Saturday, December 18, 2010

Minimizing Editing

Admittedly, I have a lot of writing to do these days.  My 2 week vacation is dedicated to writing.  While I write, sometimes I pause and ponder on my chosen methodology.

My writing methodology comes from high-school, and hasn't changed much since then.  I recall that writing a text for school simply consisted of an introduction, body, and a conclusion.  Sufficient for most essays.  Longer research didn't suffer too much from my long-winded explanations.  Despite my passing with good grades; in retrospect something doesn't seem right.

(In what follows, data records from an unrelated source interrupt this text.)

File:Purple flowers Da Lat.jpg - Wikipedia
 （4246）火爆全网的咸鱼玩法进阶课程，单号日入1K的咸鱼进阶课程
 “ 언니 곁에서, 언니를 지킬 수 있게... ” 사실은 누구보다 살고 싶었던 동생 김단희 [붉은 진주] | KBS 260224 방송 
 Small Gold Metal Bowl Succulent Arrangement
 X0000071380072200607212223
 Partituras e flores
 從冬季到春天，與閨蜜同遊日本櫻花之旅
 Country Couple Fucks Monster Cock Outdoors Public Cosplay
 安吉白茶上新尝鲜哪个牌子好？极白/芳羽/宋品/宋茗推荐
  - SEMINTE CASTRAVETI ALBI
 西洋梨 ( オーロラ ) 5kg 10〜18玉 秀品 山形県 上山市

Before I continue -- I think it's best that we agree on one thing: everyone gets the same work done slightly differently.  With that said, the "write and revise until final" doesn't work well with me.  I do enjoy writing and seeing where that leads me; however that does not cut it for larger, more complex works.

So, let's step back a bit...  the research method I was taught was to gather facts, mix them up, and then sort them afterwards.  The facts should be on pieces of paper; with as few words to avoid any plagiarism.    (all papers should be kept as evidence that the work is original).  Once pieced; the ideas could be transformed into paragraphs, and then refined.  A very good way to work.

Larger documents are essentially smaller documents strung together with a common narrative.  That escaped me for the longest time.

What also escaped me was the importance of the order of ideas.  For smaller documents, this is trivial.  For larger documents; things become tricky.  The problem, I believe (which may change as I become wiser -- hopefully I become wiser as I grow older), is that thought is generally non-linear.  Ideas must be strung together to form a linear narrative.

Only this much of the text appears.